Systematic energy sampling can be used to explore the full range of conformational space, but at the expense of finding the actual minima in the energy function. The degree of certainty in the minimum energy conformations found from systematic sampling is determined by the grid resolution (rotation increment). Energy minimization, on the other hand, can precisely locate minimum energy conformations, but cannot be used to explore the full range of conformational space (one staring point --> one minimum).

The number of atoms and rotatable bonds must be considered in devising a search strategy. The number of conformations to be calculated with systematic sampling should always be estimated.
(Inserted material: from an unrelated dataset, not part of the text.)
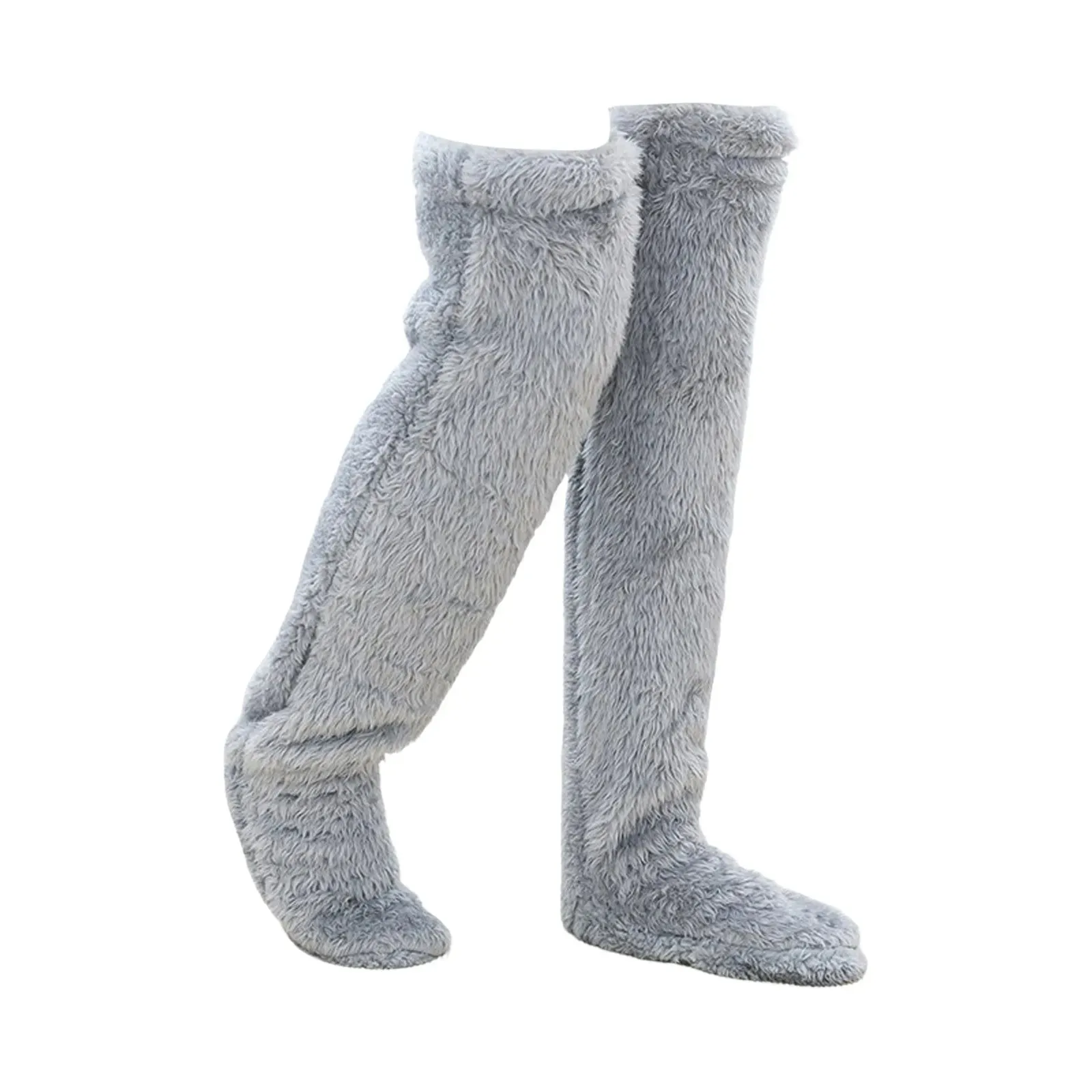 Fluffy Over-Knee Winter Leg Warmers – Thick, Cozy, and Warm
The number of conformations that can be reasonably calculated depends on the program and hardware platform (with SYBYL, that number may be several hundred thousand; with QUANTA, it should not exceed 4,000). Strategies for reducing the conformational sampling requirements include:

  1. Increasing the rotation increment as much as possible (e.g. sample only trans, gauche, gauche' states of saturated bonds; cis and trans states of unsaturated bonds).
  2. Limiting the range to the minimum necessary to fully cover conformational space.
  3. Freezing bonds that do not contribute useful information (e.g. methyl groups can be treated as "united atoms" in many force-fields).
  4. Separating bond rotations into two or more non-interacting classes, and sampling conformations separately for each class (4 bonds rotated at 30 degree increments generate approx. 21,000 samples vs. 288 samples for two sets of 2 bonds).
  5. Breaking the molecule into pieces, and sampling conformations separately for each piece (e.g. parent and substituent moieties).
  6. Using constraints to limit the scope of sampling.

The most frequently used strategy in conformational searching is based on a combination of systematic sampling and energy minimization. Systematic sampling is used to generate energetically reasonable starting conformations (distributed throughout all of conformational space) for energy minimization, which fine tunes the locations and energies of the preferred conformations.
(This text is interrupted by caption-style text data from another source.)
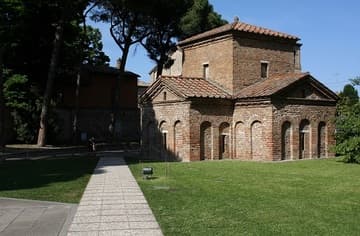 Exterior of the Mausoleum of Galla Placidia.
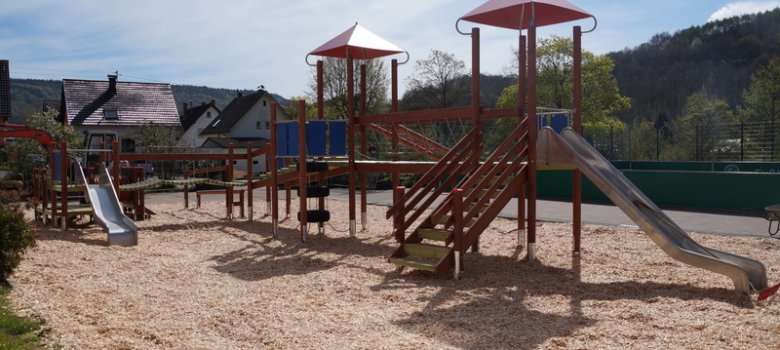 Playground at Bollendorf elementary school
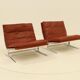 2 Easy Chairs Model BO 561 by Preben Fabricius & Jorgen Kastholm for BO-EX 1960s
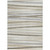 9' X 12' Ivory And Gray Striped Washable Indoor Outdoor Area Rug - Ivory, Gray
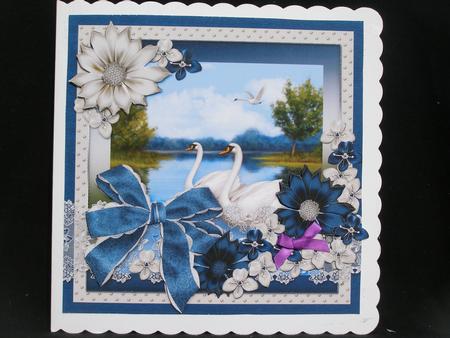 White Swan Lake 7x7 by Susan Smith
Whenever possible, energy minimization should be performed using a semiempirical quantum energy calculation method, such as MOPAC or AMPAC. Molecular mechanics should be used for molecules that are too large for quantum calculations or if too many starting conformations are found from sampling (i.e. more than a few hundred after filtering).

The energy minimized structures should undergo a final filtering process. First, duplicate minimum energy conformations should be discarded (recall that different starting conformations can lead to the same minimum). This can be done by superimposing all conformations and testing the RMS deviation of their corresponding atoms. If the number of unique conformations is large, energy filtering should be considered. This is most productive for quantum mechanically calculated energies which can be subjected to a much smaller cutoff (as small as 5-10 kcal/mol) than molecular mechanics energies.

This "sample-minimize-filter" conformational search strategy can be used with SYBYL and other programs.

Other conformational search strategies include high temperature molecular dynamics/annealing and random sampling (e.g. monte carlo) approaches. These methods should be considered when the number of degrees of freedom is too large for systematic sampling.